YOUR ASSIGNMENT: Go through the listing below and output exactly the line with "Paddle notturno", the line with "Clarke 5fx U.s.", and each line between; omit the rest.
*** Opening of INFORMATION ***
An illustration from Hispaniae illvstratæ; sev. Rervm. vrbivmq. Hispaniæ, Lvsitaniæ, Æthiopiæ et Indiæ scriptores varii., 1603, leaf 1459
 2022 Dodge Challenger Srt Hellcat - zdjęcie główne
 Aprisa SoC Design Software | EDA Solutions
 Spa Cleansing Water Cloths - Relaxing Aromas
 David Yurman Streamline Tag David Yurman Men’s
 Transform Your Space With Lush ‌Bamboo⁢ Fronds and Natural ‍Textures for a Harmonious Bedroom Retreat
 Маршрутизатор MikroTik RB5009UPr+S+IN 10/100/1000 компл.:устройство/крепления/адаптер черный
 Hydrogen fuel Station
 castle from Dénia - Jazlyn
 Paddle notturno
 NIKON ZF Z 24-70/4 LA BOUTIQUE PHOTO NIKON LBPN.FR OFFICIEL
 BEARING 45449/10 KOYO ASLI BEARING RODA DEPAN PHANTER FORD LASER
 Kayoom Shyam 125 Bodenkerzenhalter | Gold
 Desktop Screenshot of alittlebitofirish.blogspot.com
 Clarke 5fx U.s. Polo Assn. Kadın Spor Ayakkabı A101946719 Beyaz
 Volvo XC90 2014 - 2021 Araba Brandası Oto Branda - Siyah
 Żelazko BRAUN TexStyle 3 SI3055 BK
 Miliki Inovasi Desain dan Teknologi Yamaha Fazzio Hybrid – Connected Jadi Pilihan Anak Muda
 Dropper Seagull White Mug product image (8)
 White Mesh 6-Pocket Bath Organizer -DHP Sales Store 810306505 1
*** Close of INFORMATION ***
YOUR SOLUTION:
 Paddle notturno
 NIKON ZF Z 24-70/4 LA BOUTIQUE PHOTO NIKON LBPN.FR OFFICIEL
 BEARING 45449/10 KOYO ASLI BEARING RODA DEPAN PHANTER FORD LASER
 Kayoom Shyam 125 Bodenkerzenhalter | Gold
 Desktop Screenshot of alittlebitofirish.blogspot.com
 Clarke 5fx U.s. Polo Assn. Kadın Spor Ayakkabı A101946719 Beyaz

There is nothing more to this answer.